Wright penned dozens of stories, many of them crime fiction, and served as editor of Criminal Shorts: Mysteries by Canadian Crime Writers, published in 1992. He also created not one or two, but four different detective series including police officer Mel Pickett; Lucy Trimble Brenner, who inherits a Toronto private detective agency; and part-time community college English teacher named Joe Barley, who also works part-time as a private eye.
His most popular literary creation, however, is Charlie Salter, a Toronto cop suffering from middle-aged depression when he's first introduced in The Night the Gods Smiled, the author's debut novel in 1983. The book won the Arthur Ellis Award for Best Crime Novel, the Crime Writer's Association's John Creasey Award, and the City of Toronto Book Award.
At the start of the story, Salter's doldrums are compounded by police politics that have left him working what's essentially a desk job. When he's offered the first interesting case to come along in awhile, he jumps at the chance. David Summers, an English professor at a local college, has been murdered in a Montreal hotel room during a conference. Initially, the only clues are a lipstick-marked glass and a whisky bottle used to crush Summer's skull, but Salter soon realizes he has a long list of potential suspects, including a prostitute, mistresses, the victim's bitter wife, his squash partner, his stock-broker and assorted colleagues and students.

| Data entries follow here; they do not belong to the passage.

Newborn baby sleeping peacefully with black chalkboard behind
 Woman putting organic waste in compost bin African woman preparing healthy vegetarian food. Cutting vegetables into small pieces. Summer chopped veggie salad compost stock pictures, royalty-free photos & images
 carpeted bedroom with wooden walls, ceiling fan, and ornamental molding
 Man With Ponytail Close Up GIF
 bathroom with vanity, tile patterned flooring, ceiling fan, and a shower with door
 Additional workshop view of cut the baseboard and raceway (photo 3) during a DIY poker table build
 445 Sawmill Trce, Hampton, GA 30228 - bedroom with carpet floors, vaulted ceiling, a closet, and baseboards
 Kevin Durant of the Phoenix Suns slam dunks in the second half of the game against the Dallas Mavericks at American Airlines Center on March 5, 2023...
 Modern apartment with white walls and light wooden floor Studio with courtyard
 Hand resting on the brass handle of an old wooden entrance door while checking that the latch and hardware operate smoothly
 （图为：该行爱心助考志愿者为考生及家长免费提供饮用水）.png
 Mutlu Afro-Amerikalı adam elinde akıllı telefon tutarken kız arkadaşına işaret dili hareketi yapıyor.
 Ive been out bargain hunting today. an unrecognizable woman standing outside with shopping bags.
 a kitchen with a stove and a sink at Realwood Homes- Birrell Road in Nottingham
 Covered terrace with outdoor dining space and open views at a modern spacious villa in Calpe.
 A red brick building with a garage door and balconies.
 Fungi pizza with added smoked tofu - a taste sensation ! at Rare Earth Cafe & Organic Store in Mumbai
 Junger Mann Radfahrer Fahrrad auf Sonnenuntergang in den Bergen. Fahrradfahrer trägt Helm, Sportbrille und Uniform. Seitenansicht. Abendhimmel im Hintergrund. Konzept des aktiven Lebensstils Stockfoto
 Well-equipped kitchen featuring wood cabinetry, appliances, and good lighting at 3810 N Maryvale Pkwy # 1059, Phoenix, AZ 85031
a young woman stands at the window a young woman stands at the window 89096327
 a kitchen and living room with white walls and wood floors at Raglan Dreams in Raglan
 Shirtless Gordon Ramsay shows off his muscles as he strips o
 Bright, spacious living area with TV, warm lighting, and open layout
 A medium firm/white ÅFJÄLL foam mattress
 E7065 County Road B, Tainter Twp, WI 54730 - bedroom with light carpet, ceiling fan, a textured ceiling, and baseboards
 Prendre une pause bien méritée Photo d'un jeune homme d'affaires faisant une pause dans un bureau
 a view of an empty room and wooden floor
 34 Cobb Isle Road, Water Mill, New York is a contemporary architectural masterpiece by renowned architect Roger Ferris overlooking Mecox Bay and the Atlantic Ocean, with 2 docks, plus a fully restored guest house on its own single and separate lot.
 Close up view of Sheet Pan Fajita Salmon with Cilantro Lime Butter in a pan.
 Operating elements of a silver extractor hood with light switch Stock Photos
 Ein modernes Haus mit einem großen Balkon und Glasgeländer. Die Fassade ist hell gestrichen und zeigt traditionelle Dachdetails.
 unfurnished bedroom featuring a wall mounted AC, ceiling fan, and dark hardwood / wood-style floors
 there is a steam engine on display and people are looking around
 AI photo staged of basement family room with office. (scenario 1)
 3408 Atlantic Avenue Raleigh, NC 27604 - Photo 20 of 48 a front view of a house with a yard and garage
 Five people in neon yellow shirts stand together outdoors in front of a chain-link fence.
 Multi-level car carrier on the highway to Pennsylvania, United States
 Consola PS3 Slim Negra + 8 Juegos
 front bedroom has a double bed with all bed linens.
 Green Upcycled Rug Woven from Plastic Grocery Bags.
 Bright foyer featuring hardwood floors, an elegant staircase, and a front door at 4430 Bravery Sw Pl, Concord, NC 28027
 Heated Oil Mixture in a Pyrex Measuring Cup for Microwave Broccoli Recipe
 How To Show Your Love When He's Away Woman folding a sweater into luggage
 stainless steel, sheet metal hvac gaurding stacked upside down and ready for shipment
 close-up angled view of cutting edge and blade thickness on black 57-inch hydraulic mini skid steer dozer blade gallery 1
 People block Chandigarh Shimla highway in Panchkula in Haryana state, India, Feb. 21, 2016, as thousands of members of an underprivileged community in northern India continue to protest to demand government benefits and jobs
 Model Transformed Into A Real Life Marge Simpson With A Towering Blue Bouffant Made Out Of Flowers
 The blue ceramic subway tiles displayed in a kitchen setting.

Salter is an engaging character, self-righteous, outspoken, and happily married, albeit with an undercurrent of cultural/class friction between his police officer status and his wife's wealthy family. His mid-life crisis sees him taking up squash after meeting the victim's playing partner, and developing a crush on Summer's favorite student, a free-spirited young woman named Molly.
Wright is known for his "lucid and agreeably laconic style," as one reviewer put it, while Kirkus adds that "the balance between sleuthing and gentle character-comedy is maintained beautifully throughout—with superior dialogue, intriguing Canadian specifics, and not a single cliché in sight." There were eleven Salter books in all, first published in hardcover until the series was dropped by Signet. A few reprints are available, including an omnibus of the first three novels in the series, published by Dundurn.
I like the Salter books a lot, having read them all a couple of years ago. Good stuff.